Kickstarter-funded releases have been DMP's game as of late. The only non-KS funded releases have been under their Juné yaoi brand. Most of these get pushed back from their initial release date by months, and it's gotten to the point that the only way to get the new releases is to buy it off Akadot. I got so tired of waiting for Amazon to get them in stock (and DMP claims that they sent Amazon an allotment), that I don't even bother to pre-order it anymore. Their recent release of Even So, I Will Love You Tenderly finally shipped from Amazon this week; I purchased the copy off Akadot over 2 months ago.
With Kickstarter, you rarely receive a comparable amount of goods for what you've paid. I've been burned by a lot of campaigns, most of which were being run by AwesomeJapan. I agree that the Madoka figure is overpriced, but then again, that's Kickstarter for you.
Ah, so, I have an update.usamimi wrote:With the Funi missing sketches, I can at least imagine it was one or two jerks who decided they wanted to take em & ruined it for everyone.

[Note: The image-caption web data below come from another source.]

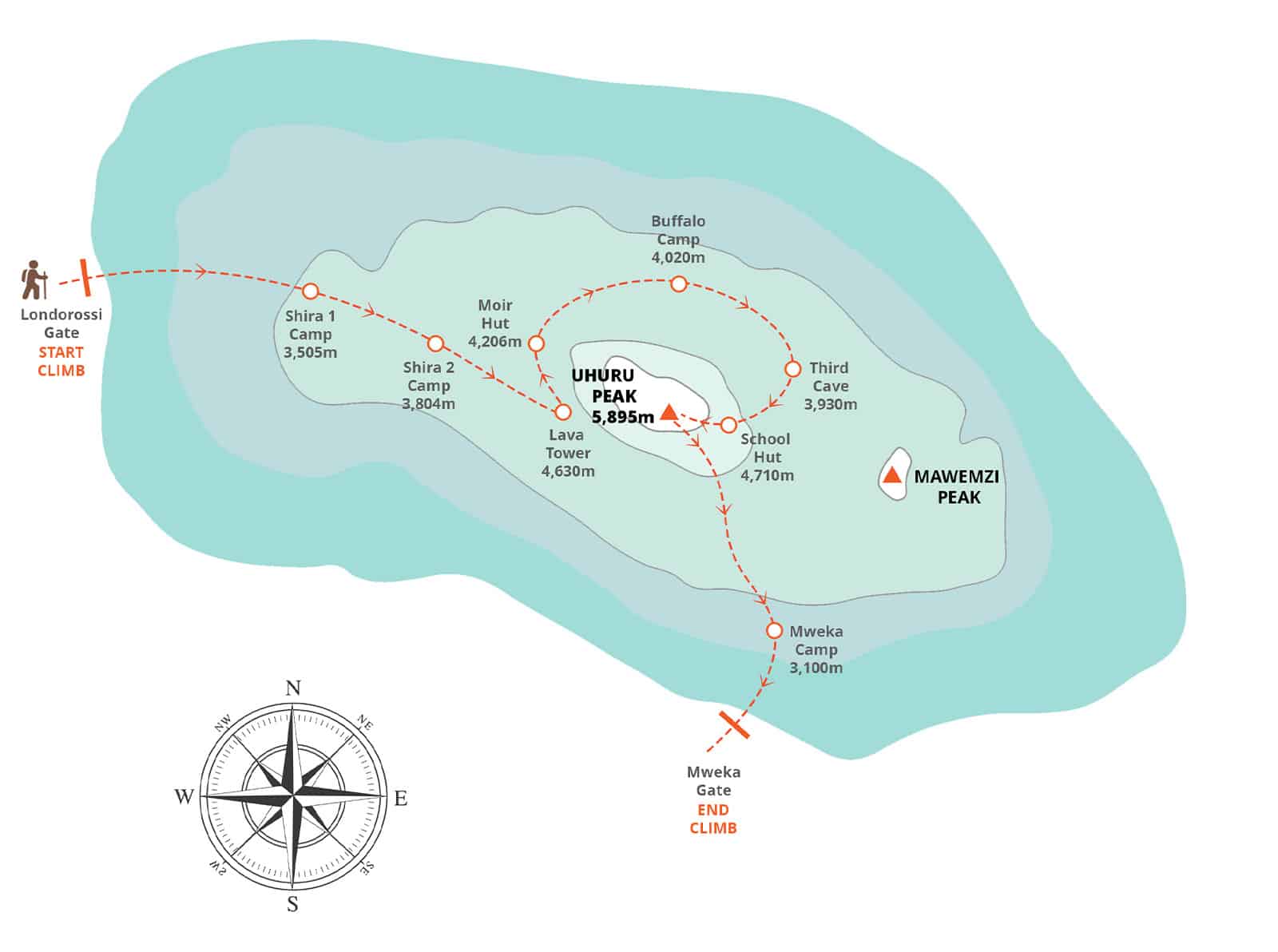 北部巡回赛 9 天 1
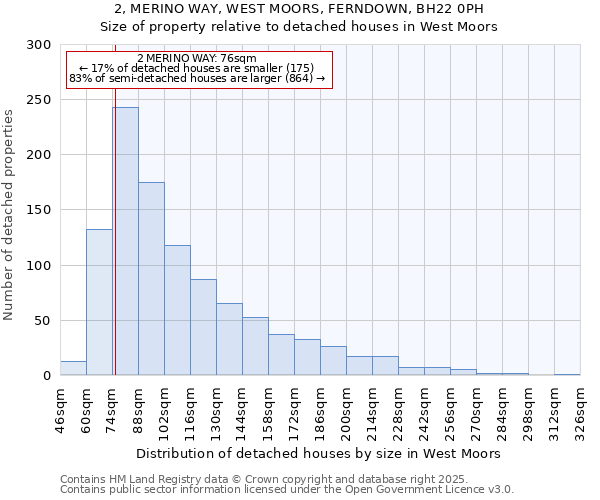 2, MERINO WAY, WEST MOORS, FERNDOWN, BH22 0PH: Size of property relative to detached houses houses in West Moors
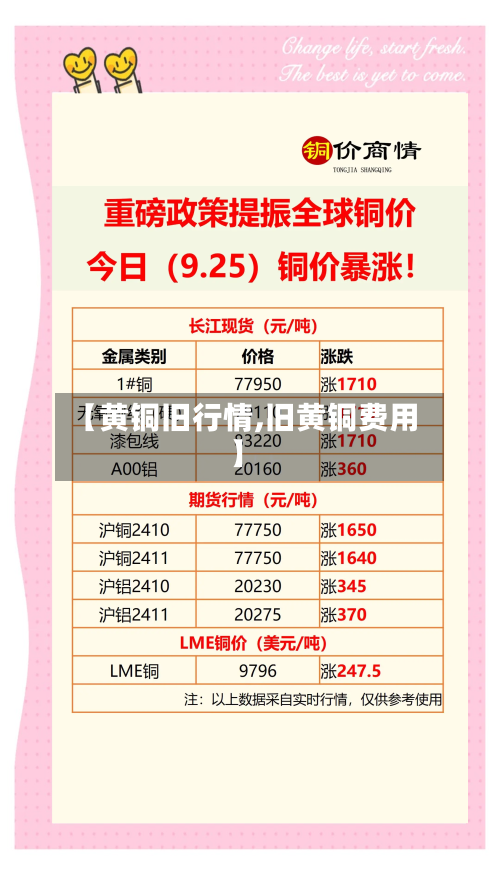 【黄铜旧行情,旧黄铜费用】-第3张图片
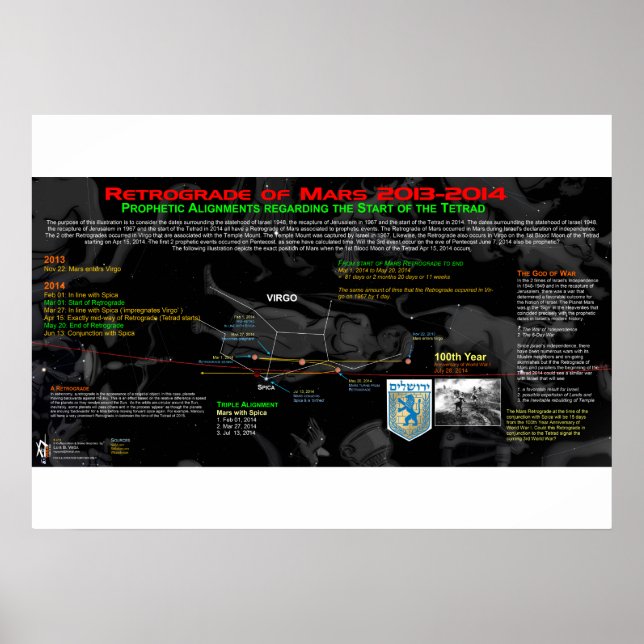 Póster Retrógrado de Marte - Israel 3 (Frente)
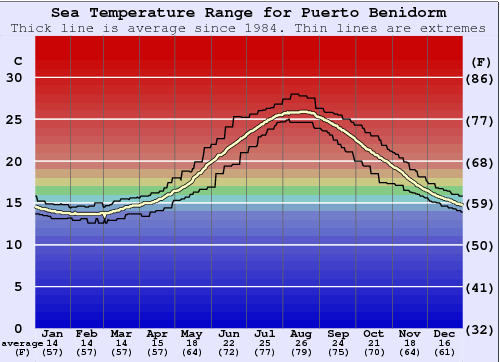 Puerto Benidorm Grafico della temperatura del mare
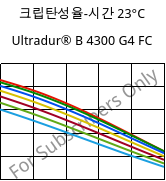 크립탄성율-시간 23°C, Ultradur® B 4300 G4 FC, PBT-GF20, BASF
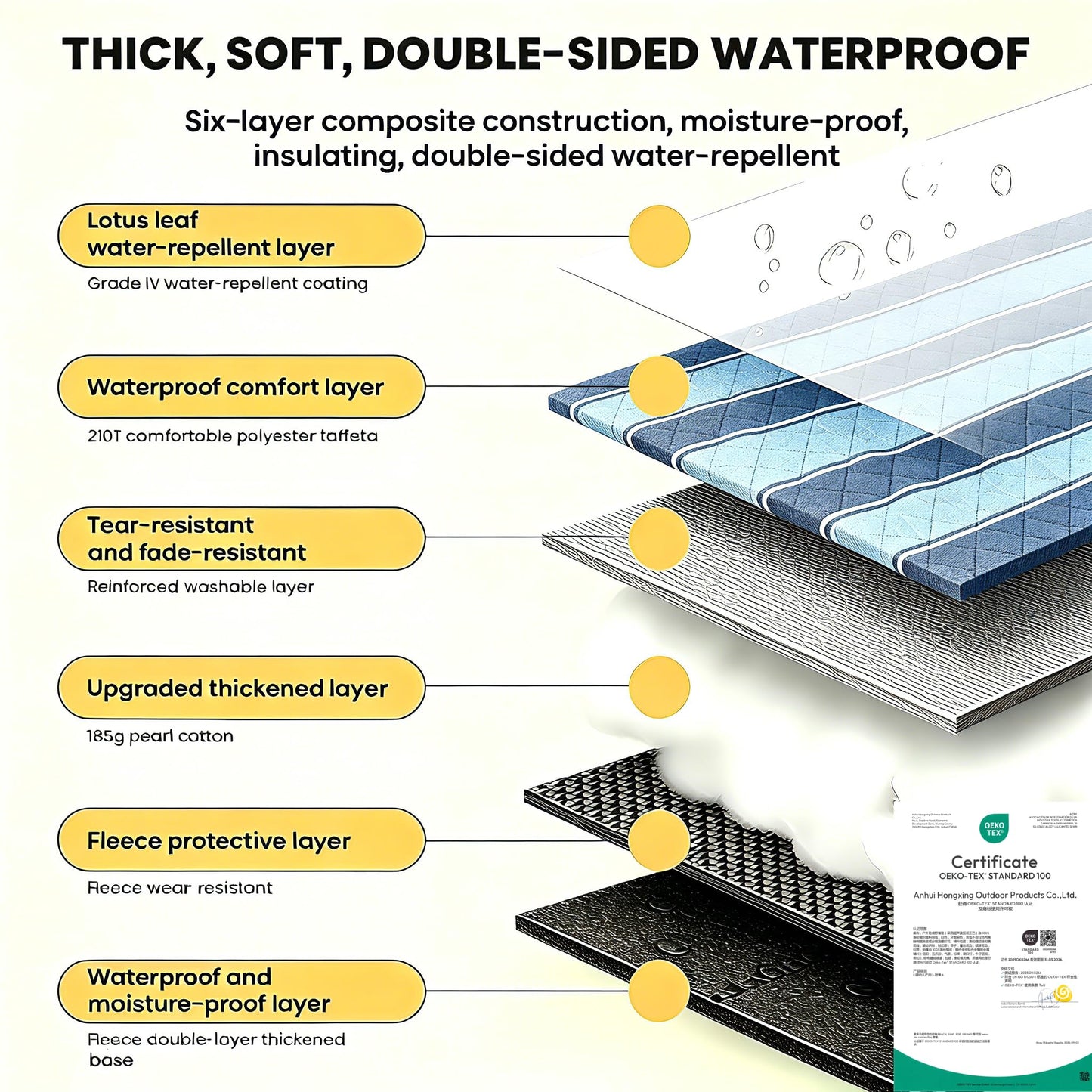 HX&OD Extra Large Picnic Outdoor Blanket, 80”x80” Waterproof Picnic Mat Foldable Camping Blanket Portable with Carry Strap for Beach Mat Outdoor Camping Party(Grey&Green)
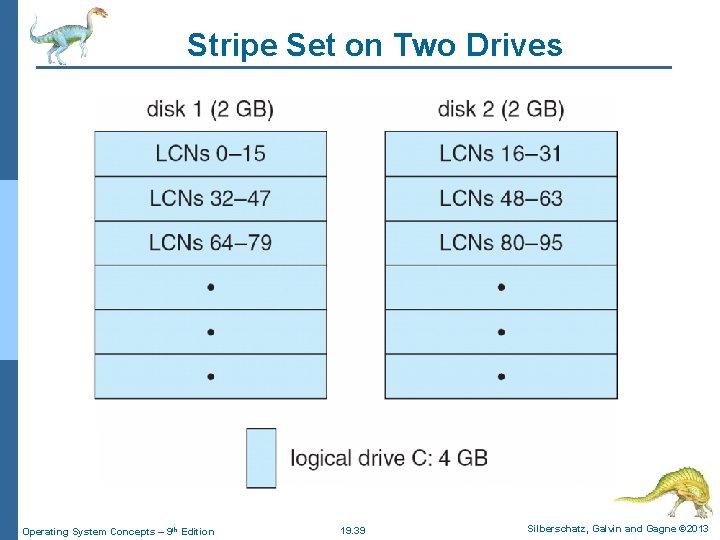 Stripe Set on Two Drives Operating System Concepts – 9 th Edition 19. 39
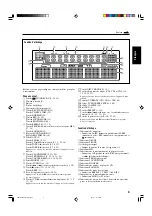 Preview for 35 page of JVC CA-MXGB6 Instructions Manual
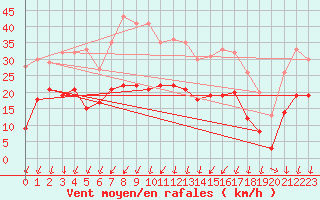 Courbe de la force du vent pour Waldmunchen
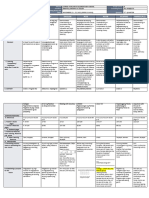 DLL - All Subjects 2 - Q2 - W3 - D4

After three weeks of being ignored via e-mail and Twitter, I thought, for S&Gs, to tag Make-A-Wish on the most recent tweet. That seemed to light a fire under someone's rump, and I received the yearly thank you call from MAW for my earlier charity auction purchase. After I personally spoke with a representative at MAW, they contacted SakuraCon, who in turn, after e-mailing them a second time, responded. They were very upset that I had exposed the 'disappearance' to Make-A-Wish and went so far as to claim that they didn't receive the artwork until the day after the convention. Considering that Yamada tweeted the picture of the sketches around 2:30p Sunday, while the charity auction was still ongoing, this makes me not give their story much credence. I was given some sappy song-and-dance about how hard it is to run a convention, how they don't check their Twitter feed and how volunteers handle the e-mail, but that still doesn't explain why a cursory "We're forwarding this to the proper department" response was not provided in the three weeks since I initially sent them an e-mail. Although I offered to buy the artwork at a (likely) higher price than it would have fetched at auction to make things right and so that the funds could help children this year, they refused to sell it to me, citing some vague policy of not being able to sell it to a private party. So, I sent them a short response, thanking them for their time and that I would look forward to bidding on them next year.
TBH, it still sounds shady. I received a very angry e-mail, not the e-mail that someone who was genuinely concerned about the disappearance should have received. My guess is that I exposed an often practiced and kept hush-hush practice of conventions taking artwork slated to be sold for charity but instead will end up on the office glory wall. Either way, this has hopefully been resolved, and I'll see them for sale next year.